Crawled caption data:
____________________

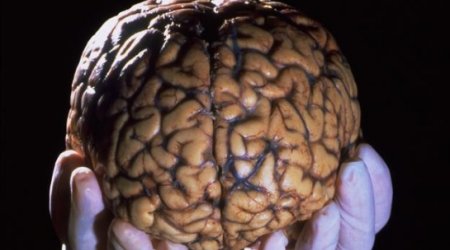 How building a library of brains could save lives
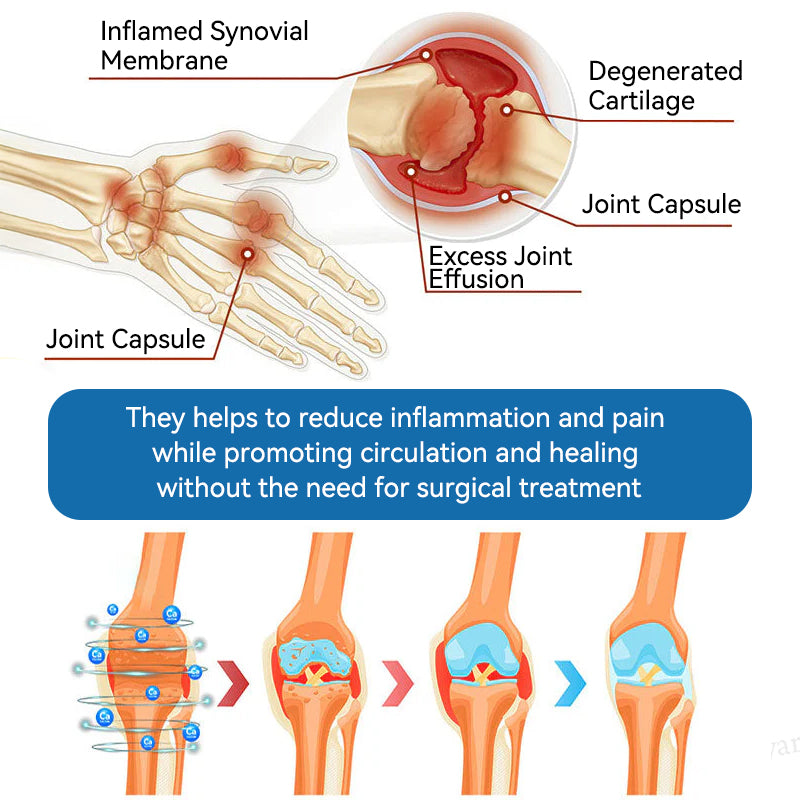 🇬🇧🌞𝐟𝐥𝐲𝐬𝐦𝐮𝐬® 𝐁𝐏𝐂-𝟏𝟓𝟕 𝐉𝐨𝐢𝐧𝐭 𝐇𝐞𝐚𝐥𝐢𝐧𝐠 𝐂𝐫𝐞𝐚𝐦🦴Treats Arthritis, Neuropathy, Rheumatism, Sports Injuries & More🏆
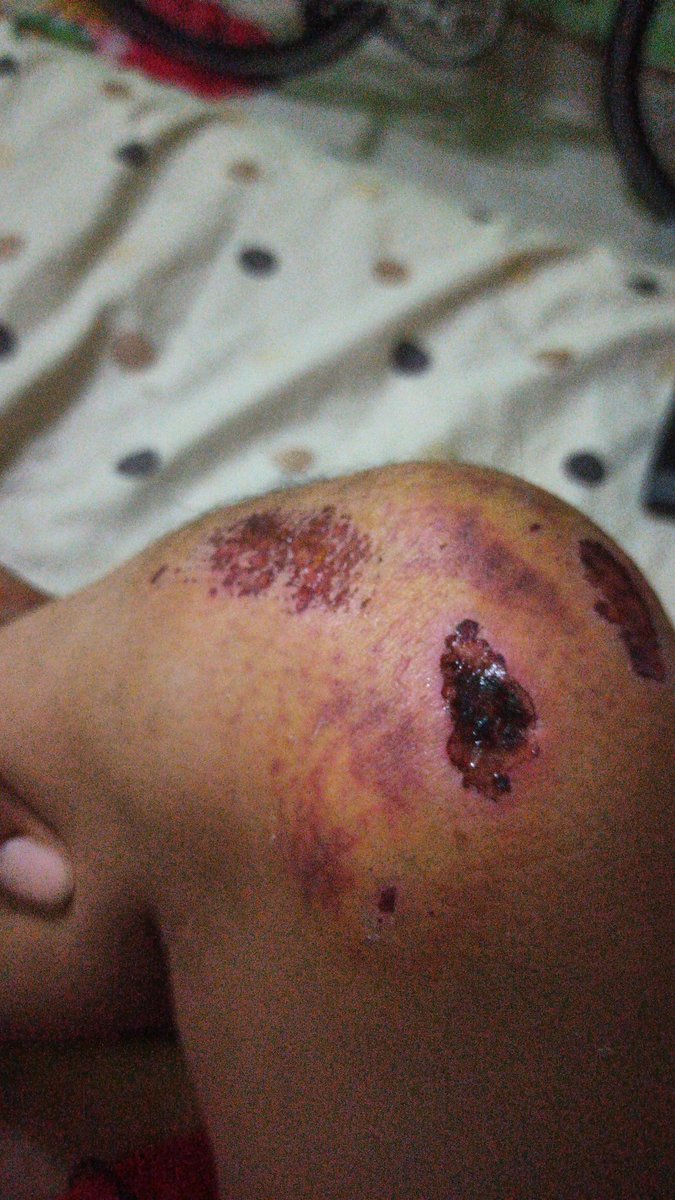 RyanMSDC's tweet photo. Efek bersetubuh dengan aspal... https://t.co/pwds96oBYL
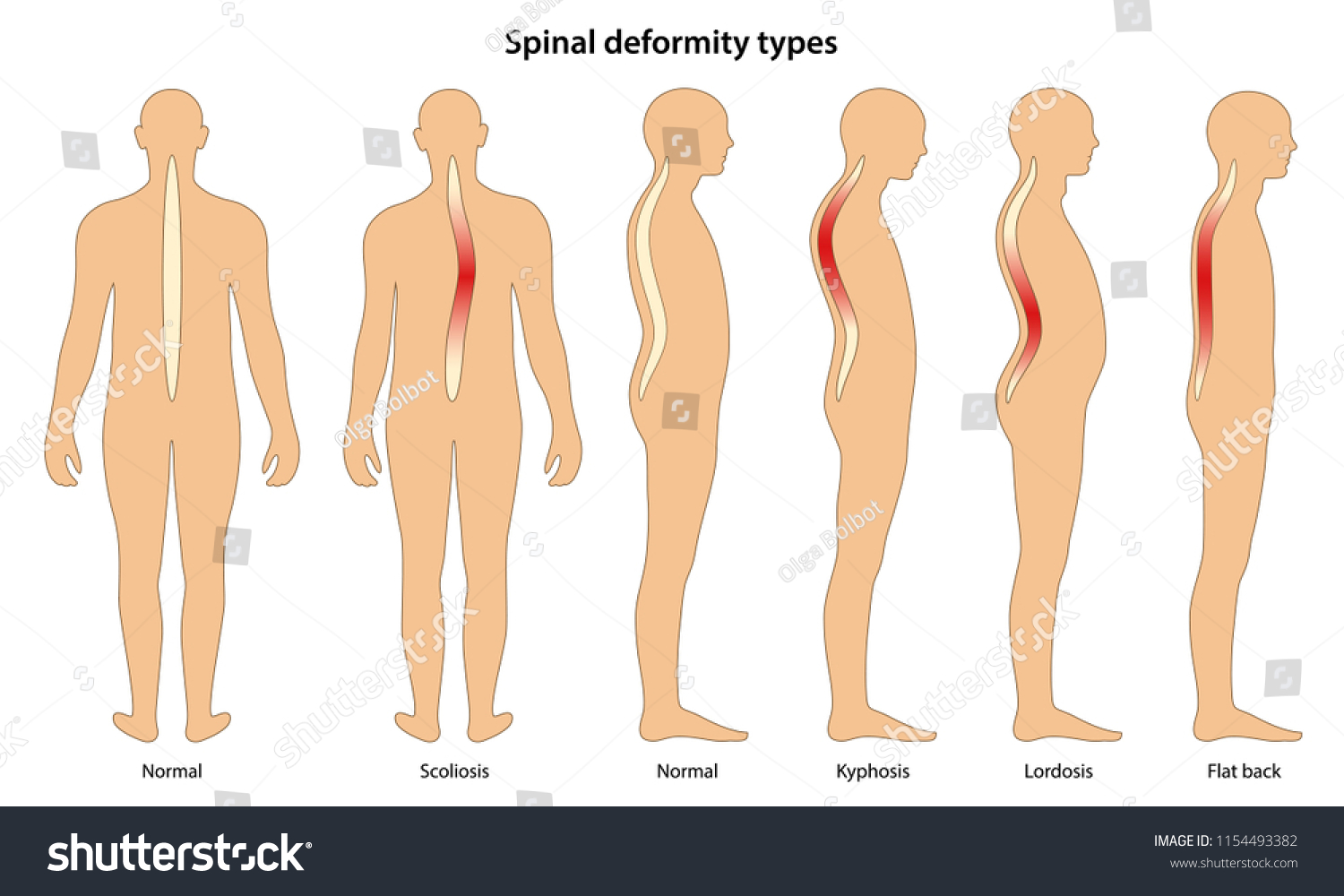 Spinal deformity types. Anterior view and - Royalty Free Stock Vector ...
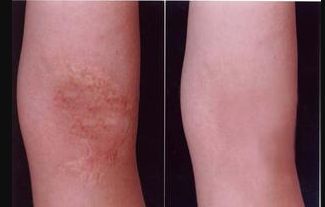 煙臺雙眼皮醫(yī)院哪家好？選專業(yè)技術(shù)高超、口碑好的醫(yī)院推薦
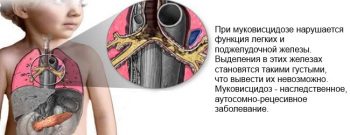Муковисцидоз у детей: симптомы и лечение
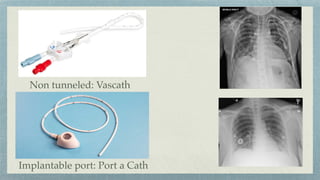 Non tunneled: Vascath
Implantable port: Port a Cath
 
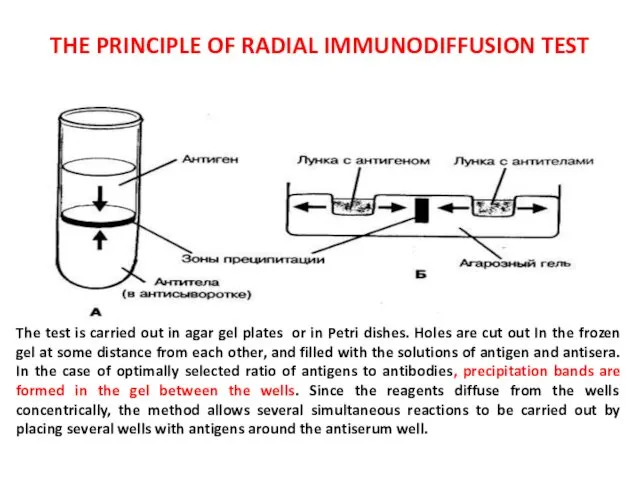 THE PRINCIPLE OF RADIAL IMMUNODIFFUSION TEST The test is carried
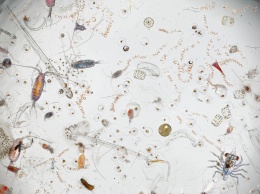 В Амстердаме покажут жизнь микробов под 3D-микроскопом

____________________

# Prompt:
Exactly as written, restate all of the data, leaving out the images.

# Exercise output:
 How building a library of brains could save lives
 🇬🇧🌞𝐟𝐥𝐲𝐬𝐦𝐮𝐬® 𝐁𝐏𝐂-𝟏𝟓𝟕 𝐉𝐨𝐢𝐧𝐭 𝐇𝐞𝐚𝐥𝐢𝐧𝐠 𝐂𝐫𝐞𝐚𝐦🦴Treats Arthritis, Neuropathy, Rheumatism, Sports Injuries & More🏆
 RyanMSDC's tweet photo. Efek bersetubuh dengan aspal... https://t.co/pwds96oBYL
 Spinal deformity types. Anterior view and - Royalty Free Stock Vector ...
 煙臺雙眼皮醫(yī)院哪家好？選專業(yè)技術(shù)高超、口碑好的醫(yī)院推薦
Муковисцидоз у детей: симптомы и лечение
 Non tunneled: Vascath
Implantable port: Port a Cath
 
 THE PRINCIPLE OF RADIAL IMMUNODIFFUSION TEST The test is carried
 В Амстердаме покажут жизнь микробов под 3D-микроскопом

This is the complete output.